*WHAT TO WORK ON*:
What must be written out is each line from the one holding "345 Olmsted Road" through the end of the records, word for word, minus any pictures.

*DATASET CONTENT*:
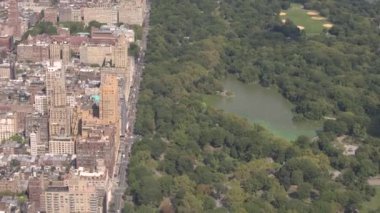 Anteni: güneşli New York'ta gür yeşil Central Park'a bakan üst Batı Yakası yukarıda uçan. Lüks kat mülkiyeti apartmanlar sarı taksileri tam meşgul avenue boyunca Central Park Manzaralı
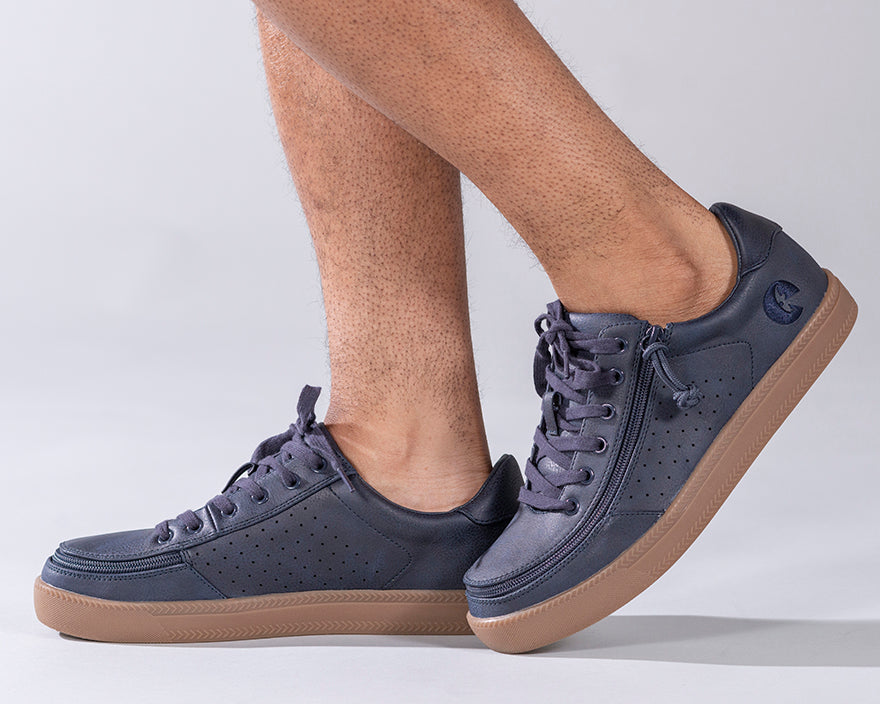 Men's Navy BILLY Sneaker Lows, zipper shoes, like velcro, that are adaptive, accessible, inclusive and use universal design to accommodate an afo. Footwear is medium and wide width, M, D and EEE, are comfortable, and come in toddler, kids, mens, and womens sizing.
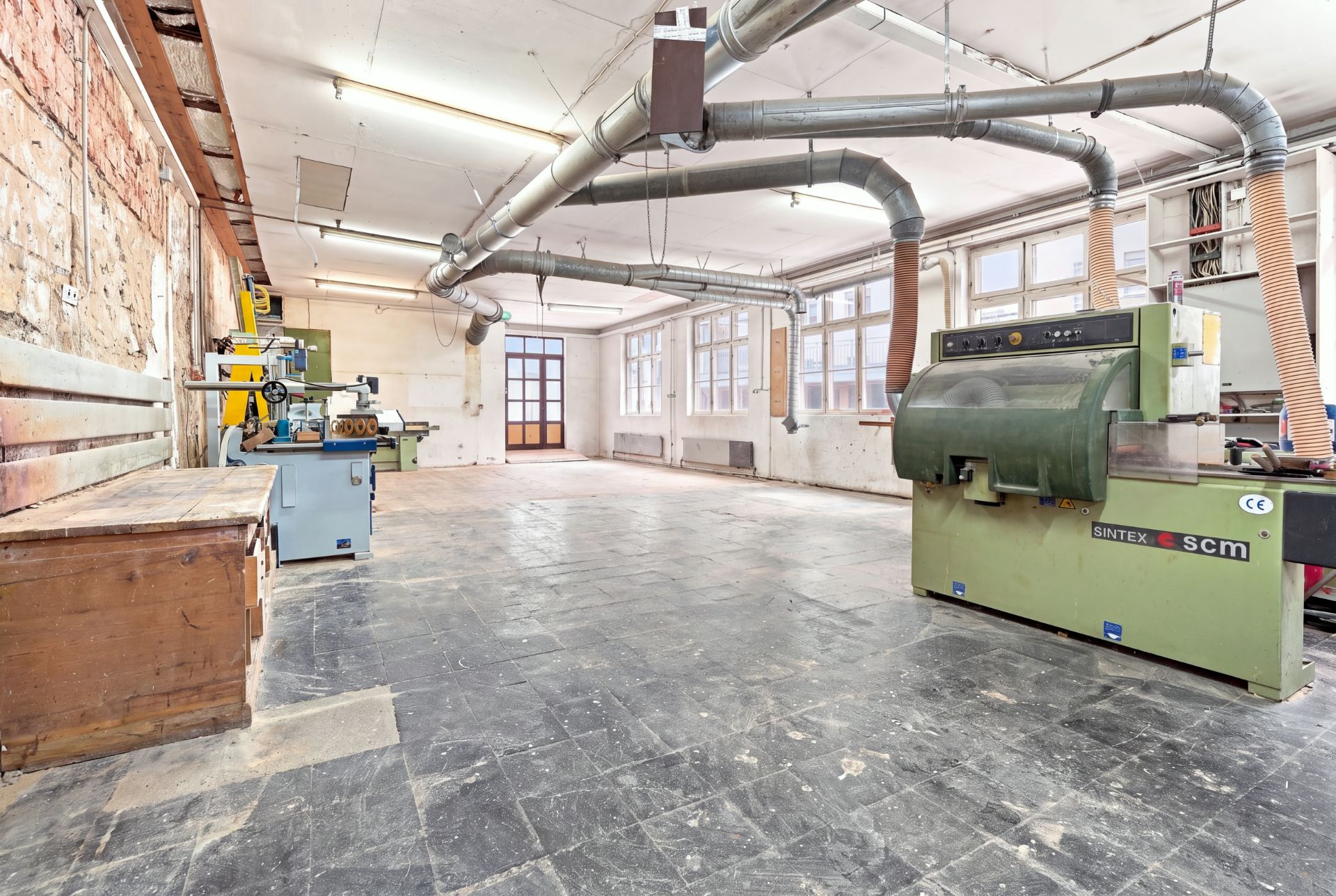 Großer Werkstattraum mit Maschinen, Werkbänken und sichtbaren Lüftungsrohren an der Decke.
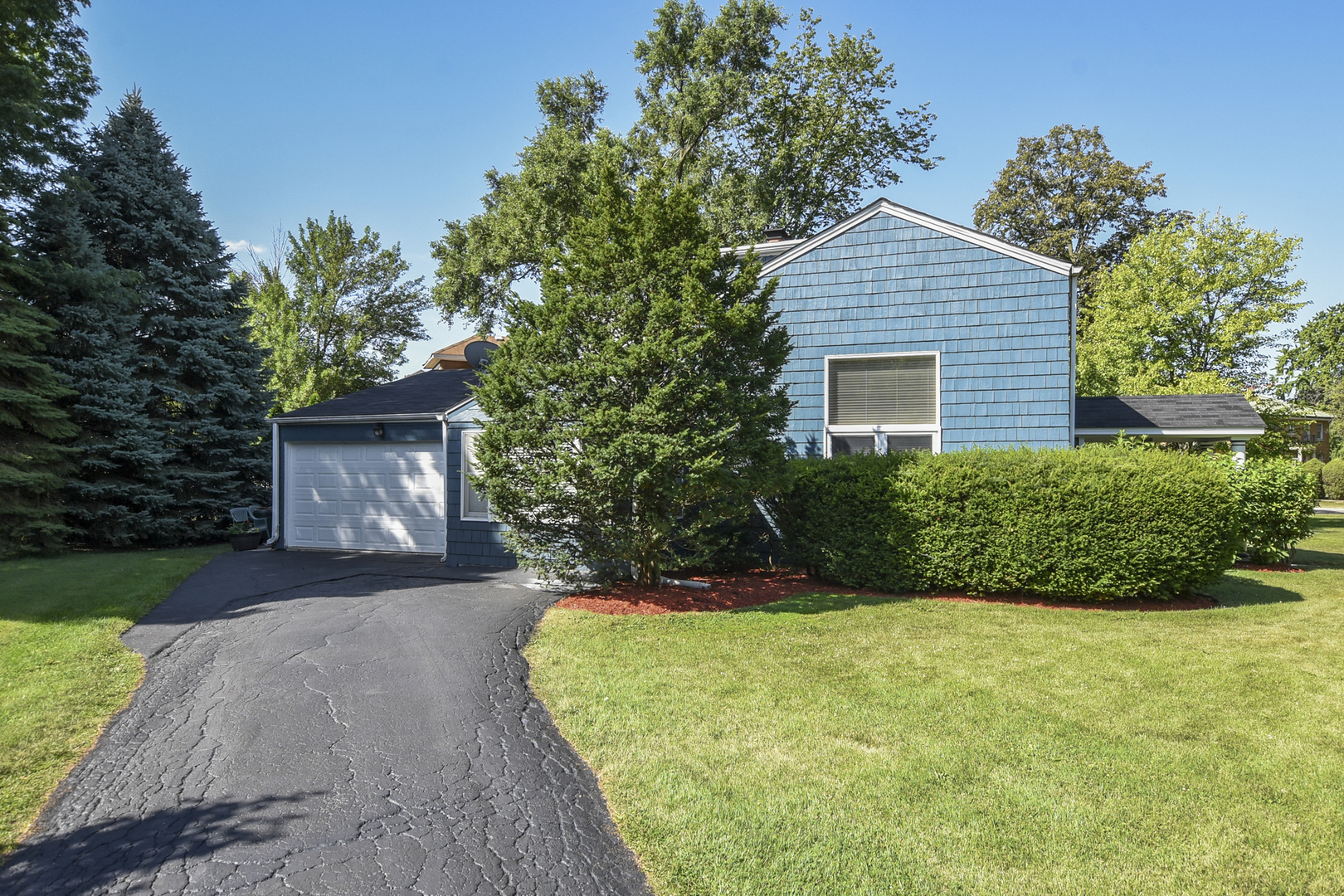 345 Olmsted Road Riverside, IL 60546 - Photo 22 of 31 a front view of a house with a yard and garage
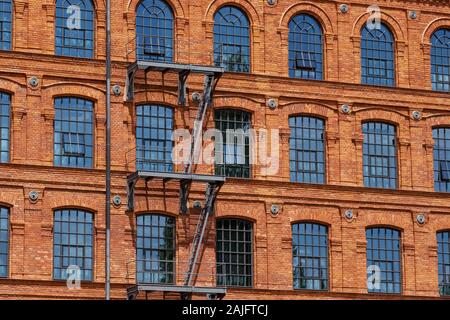 Red brick classic industrial building facade with multiple windows background.  Stock Photo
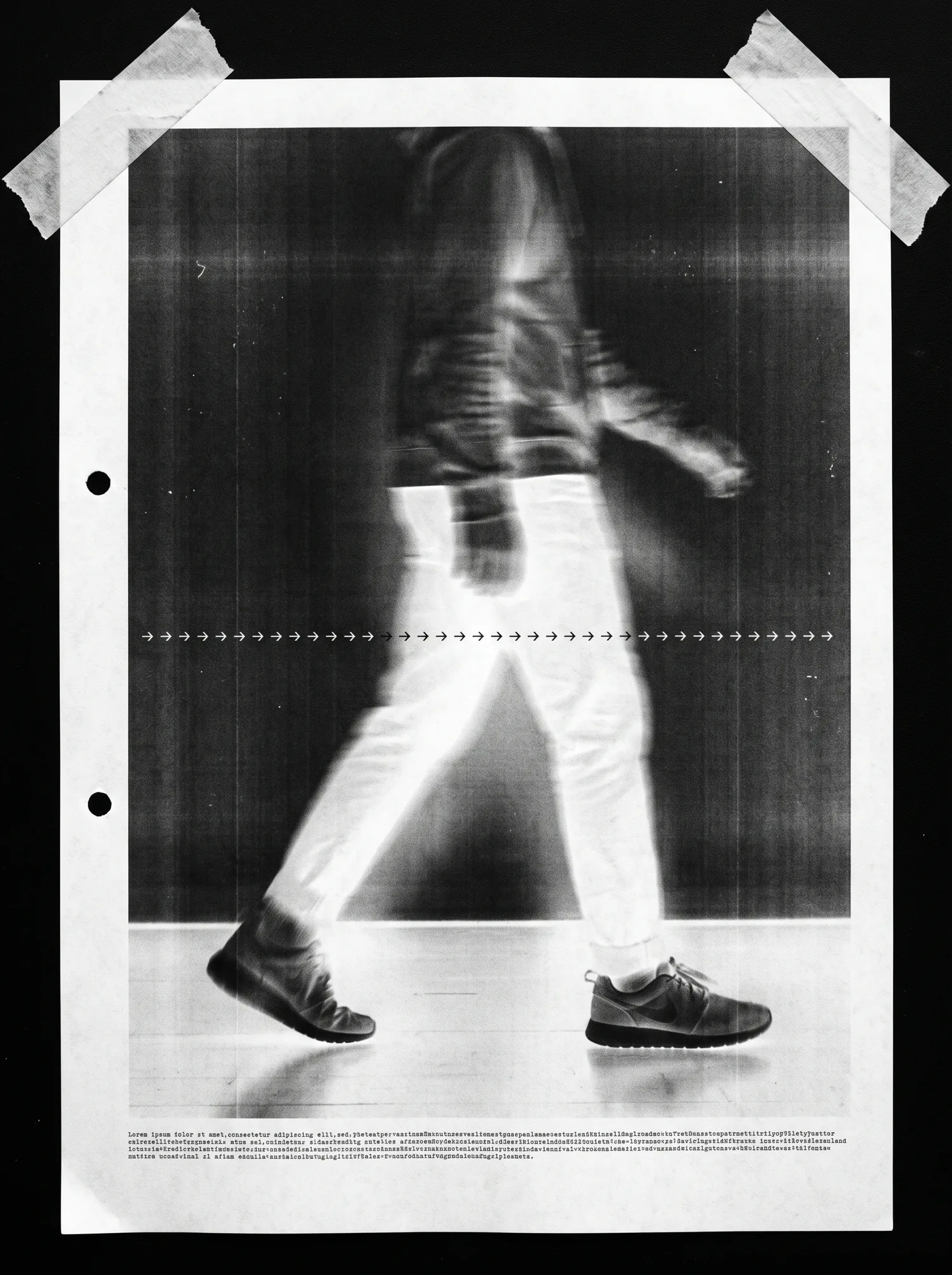 A punched sheet taped at the corners: a negative photocopy of a figure walking, blurred in streaks, with a row of tick marks across it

*TASK OUTPUT*:
 345 Olmsted Road Riverside, IL 60546 - Photo 22 of 31 a front view of a house with a yard and garage
 Red brick classic industrial building facade with multiple windows background.  Stock Photo
 A punched sheet taped at the corners: a negative photocopy of a figure walking, blurred in streaks, with a row of tick marks across it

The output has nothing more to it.